Vice Presidential Spokesperson
- In office 2 September 2020 – 10 November 2021
- President: Moon Jae-in
- Preceded by: Yoon Jae-kwan
- Succeeded by: Shin Hye-hyeon

Personal details
- Born: 1981 (age 44–45)
- Party: Democratic
- Alma mater: Ewha Womans University SKKU

= Lim Se-eun =

South Korean politician (born 1981)

Lim Se-eun (born 1981) is a South Korean politician served as the vice presidential spokesperson at the Blue House under President Moon Jae-in from 2020 to 2021.

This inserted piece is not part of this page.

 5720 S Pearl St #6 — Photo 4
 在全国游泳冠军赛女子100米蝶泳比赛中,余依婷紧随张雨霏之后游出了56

Before promoted to the deputy spokesperson, Lim had served as a senior administrator for youth policy at the Office of Senior Presidential Secretary for Civil Society from April 2020.

Before entering politics in 2014, Lim worked at Hanwha Securities and Mirae Asset Daewoo for 12 years. From 2018 to 2020, Lim was the Non-executive director at IBK Securities.

Since 2014, she took various roles in Democratic Party of Korea - all related to either youth policy or nomination process - but never ran as a candidate.

Before becoming a government official in April 2020, Lim was active in civil societies as a member of Korea Economic Justice Institute at Citizens' Coalition for Economic Justice from 2015 and co-founder and co-director of People's Livelihood Economy Institute from 2018.

Lim taught at Sungkonghoe University as an adjunct professor from 2017 to 2019.

Lim holds two degrees - a bachelor in economics from Ewha Womans University and Master of Business Administration from Sungkyunkwan University.